The entire reason for Jesus washing the apostles' feet is to instill in them the fullness of humility that is essential to Christianity: Jesus as servant leader. Along with the cross, the washing of the feet is a powerful image of God humbling godself to save humanity. The apostles want to serve God, and Jesus says, "then you must serve one another".

Nick Jones said...

Emily, thanks for bringing this to light. You made some great points and your responses to some of these comments were right on point.

Seems like some people have forgotten that Christ, who was in his very nature God, made himself nothing to take on the nature of a servant.


Thanks so much and swing by my blog sometime.

Emily Hunter McGowin said...


I think there is an important point to be heard in the reminder that Jesus specifically washed the feet of his followers. This is an important difference between that specific occasion and the painting. Also, I hear the qualification that those in the painting are political leaders and Jesus certainly was not in the habit of "serving" political leaders in his day.

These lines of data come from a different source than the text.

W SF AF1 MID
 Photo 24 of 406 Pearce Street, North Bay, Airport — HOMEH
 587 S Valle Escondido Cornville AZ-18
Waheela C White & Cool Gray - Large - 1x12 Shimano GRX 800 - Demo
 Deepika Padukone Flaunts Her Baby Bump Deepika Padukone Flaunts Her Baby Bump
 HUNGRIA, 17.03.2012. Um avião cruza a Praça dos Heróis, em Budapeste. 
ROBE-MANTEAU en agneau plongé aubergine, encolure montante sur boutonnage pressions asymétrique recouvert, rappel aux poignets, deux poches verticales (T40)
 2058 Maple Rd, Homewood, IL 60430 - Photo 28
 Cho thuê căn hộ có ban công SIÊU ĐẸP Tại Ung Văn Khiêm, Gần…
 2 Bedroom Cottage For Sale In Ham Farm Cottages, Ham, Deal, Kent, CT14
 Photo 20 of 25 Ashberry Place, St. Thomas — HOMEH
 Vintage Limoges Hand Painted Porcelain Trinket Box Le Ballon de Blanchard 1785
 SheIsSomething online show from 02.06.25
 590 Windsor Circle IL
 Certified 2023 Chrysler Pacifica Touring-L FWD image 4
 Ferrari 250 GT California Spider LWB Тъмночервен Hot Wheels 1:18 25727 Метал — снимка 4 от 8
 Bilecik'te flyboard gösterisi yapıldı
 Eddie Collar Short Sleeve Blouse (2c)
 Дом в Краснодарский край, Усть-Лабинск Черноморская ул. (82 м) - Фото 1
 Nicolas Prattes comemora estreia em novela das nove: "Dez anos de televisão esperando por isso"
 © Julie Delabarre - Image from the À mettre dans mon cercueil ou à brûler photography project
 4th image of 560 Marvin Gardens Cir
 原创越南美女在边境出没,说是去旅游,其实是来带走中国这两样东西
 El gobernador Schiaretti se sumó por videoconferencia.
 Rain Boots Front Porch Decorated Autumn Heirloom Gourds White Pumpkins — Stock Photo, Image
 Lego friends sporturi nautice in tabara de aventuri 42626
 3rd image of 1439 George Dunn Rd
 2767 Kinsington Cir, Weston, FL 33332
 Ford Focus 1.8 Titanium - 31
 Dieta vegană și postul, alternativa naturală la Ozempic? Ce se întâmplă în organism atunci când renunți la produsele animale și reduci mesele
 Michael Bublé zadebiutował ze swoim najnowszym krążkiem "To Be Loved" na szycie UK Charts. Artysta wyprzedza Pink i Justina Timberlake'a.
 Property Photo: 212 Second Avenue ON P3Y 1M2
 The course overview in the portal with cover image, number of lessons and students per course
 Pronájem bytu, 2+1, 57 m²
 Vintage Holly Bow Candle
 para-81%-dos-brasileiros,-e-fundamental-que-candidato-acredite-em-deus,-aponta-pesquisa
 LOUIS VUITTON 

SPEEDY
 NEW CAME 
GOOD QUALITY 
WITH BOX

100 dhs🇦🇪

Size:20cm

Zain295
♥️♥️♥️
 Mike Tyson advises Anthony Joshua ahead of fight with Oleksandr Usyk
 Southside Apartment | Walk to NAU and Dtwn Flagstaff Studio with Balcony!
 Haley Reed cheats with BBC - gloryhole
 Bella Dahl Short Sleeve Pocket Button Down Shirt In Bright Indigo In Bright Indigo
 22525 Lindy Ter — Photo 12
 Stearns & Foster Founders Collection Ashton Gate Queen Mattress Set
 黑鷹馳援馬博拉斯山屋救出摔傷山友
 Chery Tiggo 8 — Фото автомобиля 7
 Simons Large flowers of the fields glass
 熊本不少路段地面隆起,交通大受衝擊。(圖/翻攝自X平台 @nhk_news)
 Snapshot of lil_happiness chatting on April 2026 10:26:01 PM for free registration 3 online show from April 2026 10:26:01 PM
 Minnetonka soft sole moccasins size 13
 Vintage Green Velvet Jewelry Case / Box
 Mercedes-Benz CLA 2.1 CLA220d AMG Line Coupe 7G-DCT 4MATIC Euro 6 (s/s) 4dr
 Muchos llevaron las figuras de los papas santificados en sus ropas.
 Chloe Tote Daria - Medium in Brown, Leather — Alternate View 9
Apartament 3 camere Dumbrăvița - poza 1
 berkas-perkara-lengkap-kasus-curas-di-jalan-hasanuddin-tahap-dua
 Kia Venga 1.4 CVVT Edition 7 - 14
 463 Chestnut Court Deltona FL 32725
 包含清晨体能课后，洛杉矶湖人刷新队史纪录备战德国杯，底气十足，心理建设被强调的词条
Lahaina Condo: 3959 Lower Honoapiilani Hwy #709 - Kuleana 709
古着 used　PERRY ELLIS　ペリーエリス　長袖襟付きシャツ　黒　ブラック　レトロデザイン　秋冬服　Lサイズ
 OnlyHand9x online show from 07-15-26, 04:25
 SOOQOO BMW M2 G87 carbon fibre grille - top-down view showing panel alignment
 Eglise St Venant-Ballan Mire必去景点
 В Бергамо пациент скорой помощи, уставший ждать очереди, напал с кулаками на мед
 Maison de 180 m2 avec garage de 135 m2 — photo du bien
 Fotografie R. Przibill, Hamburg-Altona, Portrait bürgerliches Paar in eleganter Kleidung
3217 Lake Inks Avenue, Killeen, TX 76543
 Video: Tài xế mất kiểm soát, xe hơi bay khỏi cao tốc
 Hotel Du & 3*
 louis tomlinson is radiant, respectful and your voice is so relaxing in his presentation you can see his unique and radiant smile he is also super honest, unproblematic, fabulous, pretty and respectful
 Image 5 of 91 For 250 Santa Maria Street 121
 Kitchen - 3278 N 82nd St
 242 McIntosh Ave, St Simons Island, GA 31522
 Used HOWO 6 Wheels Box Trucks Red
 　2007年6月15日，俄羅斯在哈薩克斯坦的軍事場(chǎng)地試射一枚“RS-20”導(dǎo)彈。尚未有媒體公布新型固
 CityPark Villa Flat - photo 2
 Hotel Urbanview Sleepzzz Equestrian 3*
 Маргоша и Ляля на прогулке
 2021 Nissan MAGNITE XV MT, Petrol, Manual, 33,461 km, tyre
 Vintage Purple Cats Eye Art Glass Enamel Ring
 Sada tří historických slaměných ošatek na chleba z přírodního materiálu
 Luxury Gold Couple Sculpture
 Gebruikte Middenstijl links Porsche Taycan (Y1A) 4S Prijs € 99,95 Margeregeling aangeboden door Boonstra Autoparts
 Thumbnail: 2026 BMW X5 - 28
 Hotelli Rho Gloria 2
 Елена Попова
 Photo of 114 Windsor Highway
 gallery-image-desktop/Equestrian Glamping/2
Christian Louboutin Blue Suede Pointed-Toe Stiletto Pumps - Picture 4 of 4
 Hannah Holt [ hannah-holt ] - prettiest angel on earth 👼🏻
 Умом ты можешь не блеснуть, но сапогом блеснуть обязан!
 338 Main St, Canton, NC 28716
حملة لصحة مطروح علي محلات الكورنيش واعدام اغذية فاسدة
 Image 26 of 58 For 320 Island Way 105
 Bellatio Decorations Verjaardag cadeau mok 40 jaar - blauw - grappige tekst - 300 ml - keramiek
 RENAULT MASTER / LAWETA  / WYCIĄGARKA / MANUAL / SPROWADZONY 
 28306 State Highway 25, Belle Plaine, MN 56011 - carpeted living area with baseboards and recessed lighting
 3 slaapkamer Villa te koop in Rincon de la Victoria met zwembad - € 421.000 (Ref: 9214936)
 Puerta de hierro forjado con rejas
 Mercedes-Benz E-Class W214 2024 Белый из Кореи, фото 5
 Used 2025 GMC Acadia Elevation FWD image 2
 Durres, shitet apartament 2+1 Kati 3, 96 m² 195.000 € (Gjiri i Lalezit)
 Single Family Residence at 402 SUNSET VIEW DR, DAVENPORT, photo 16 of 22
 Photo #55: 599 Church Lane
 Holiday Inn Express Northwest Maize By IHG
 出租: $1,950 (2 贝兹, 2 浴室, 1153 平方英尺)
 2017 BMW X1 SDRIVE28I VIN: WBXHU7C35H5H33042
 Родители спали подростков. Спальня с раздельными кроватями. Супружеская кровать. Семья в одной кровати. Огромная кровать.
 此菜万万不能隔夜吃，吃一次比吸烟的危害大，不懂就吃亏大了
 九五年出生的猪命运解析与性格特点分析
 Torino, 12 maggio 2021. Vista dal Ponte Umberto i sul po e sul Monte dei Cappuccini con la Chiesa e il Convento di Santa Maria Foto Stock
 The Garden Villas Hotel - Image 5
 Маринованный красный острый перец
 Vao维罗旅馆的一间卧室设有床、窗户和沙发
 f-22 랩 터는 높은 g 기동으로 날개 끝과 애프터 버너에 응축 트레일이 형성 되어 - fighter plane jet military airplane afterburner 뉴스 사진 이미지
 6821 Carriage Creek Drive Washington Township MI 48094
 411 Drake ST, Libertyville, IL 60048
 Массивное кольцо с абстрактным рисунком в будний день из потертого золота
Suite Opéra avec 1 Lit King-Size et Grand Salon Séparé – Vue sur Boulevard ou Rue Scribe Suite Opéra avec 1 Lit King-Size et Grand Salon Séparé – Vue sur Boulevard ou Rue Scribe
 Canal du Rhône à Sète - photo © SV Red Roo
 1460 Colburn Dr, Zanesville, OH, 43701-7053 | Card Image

That said, however, I think it is possibly a point of the painting to force us to see these political leaders, who represent a number of things to us, as persons--persons for whom Christ died and persons whom Jesus would serve if they would receive his service. Before Jesus, upon whom all of them are dependent for grace and mercy, these various political leaders are equalized. If they want a part of Jesus, he must wash their feet, and they must eat his flesh and drink his blood.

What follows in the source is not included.